Government’s direct tax mop-up is set to miss the revised target for the 2014-15 fiscal as the collection so far has been only about Rs 6,30,000 crore, an I-T department official said.
Keeping in view of the sluggish rise in collection, the government had revised downwards its target at Rs 7,05,000 crore for the current fiscal, after initially having budgeted Rs 7,36,000 crore in the direct tax mop-up.
The department may not be able to achieve even the revised target, the official said, adding as on March 24 the department had collected only Rs 6,30,000 crore from across the country, up Rs 5,83,000 crore during the corresponding period last fiscal, thus showing a growth of 8.2 percent.

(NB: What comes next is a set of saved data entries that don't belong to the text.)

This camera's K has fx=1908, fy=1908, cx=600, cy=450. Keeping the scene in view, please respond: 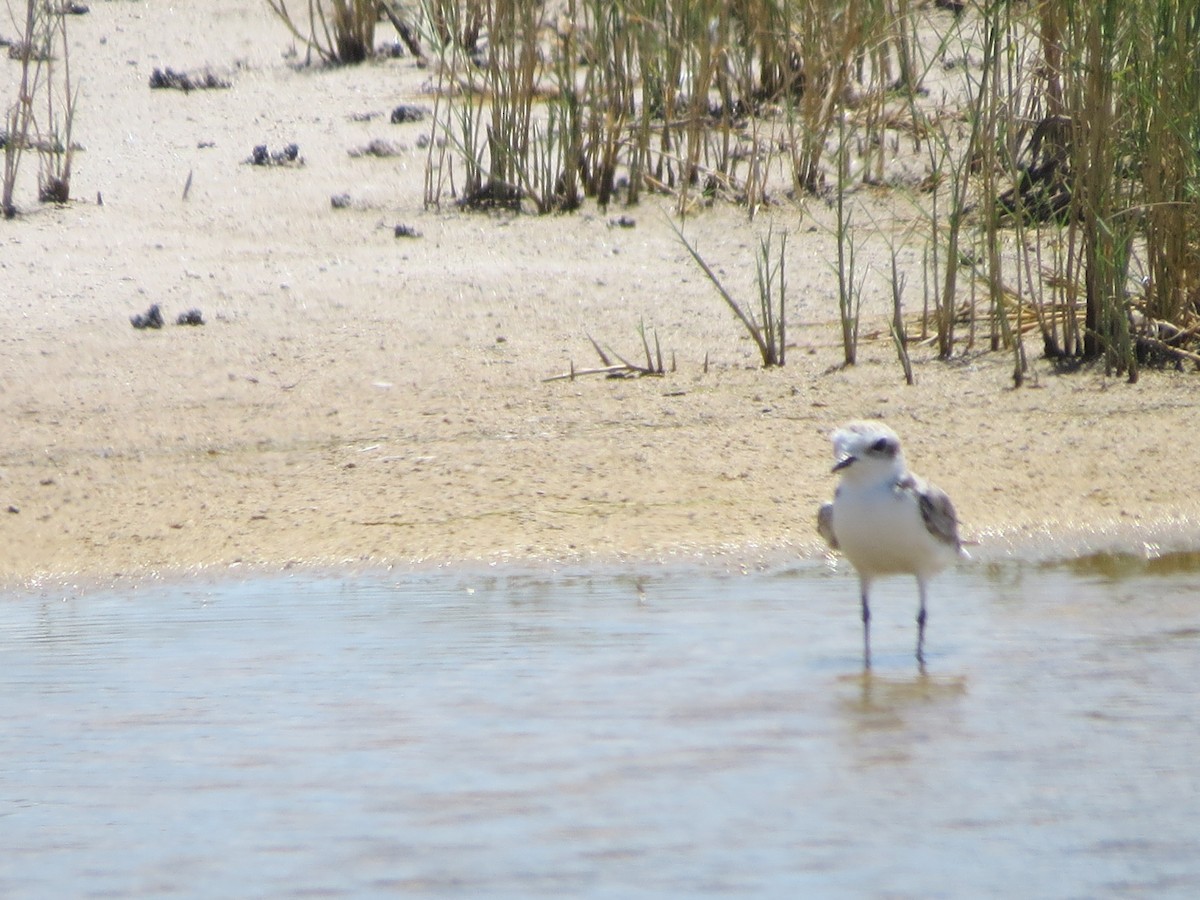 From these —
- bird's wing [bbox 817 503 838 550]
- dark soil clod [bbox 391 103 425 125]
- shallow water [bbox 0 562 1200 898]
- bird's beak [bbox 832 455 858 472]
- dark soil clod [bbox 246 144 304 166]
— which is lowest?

Mumbai continued to be the largest centre for income tax collection and mopped up Rs 1,99,426 crore so far, which is higher by 10.9 percent when compared to the mark of Rs 1,79,763 crore during the corresponding period last fiscal.
The I-T Department has a target to mop up Rs 2.30 trillion from Mumbai this fiscal out of the direct tax collection target of Rs 7.04 trillion for FY15.
The Delhi circle collected Rs 96,722 crore as against Rs 86,619 crore during the corresponding period last fiscal, registering a growth of 11.7 per cent, the official said.
The official blamed the likelihood of lower than projected target of direct tax collection to certain sectors like manufacturing which have not been able to do well in the sluggish country’s economic growth.
The sluggish collections come even as many large corporate paid higher advance tax this fiscal, and especially in the fourth quarter.
While the nation’s largest lender State Bank of India has reportedly paid 23 percent more in advance tax at about Rs 1,794 crore for the March quarter compared to around Rs 1,456 crore a year-ago, LIC has paid Rs 1,470 crore, an increase of 15 percent over Rs 1,280 in the same period last year.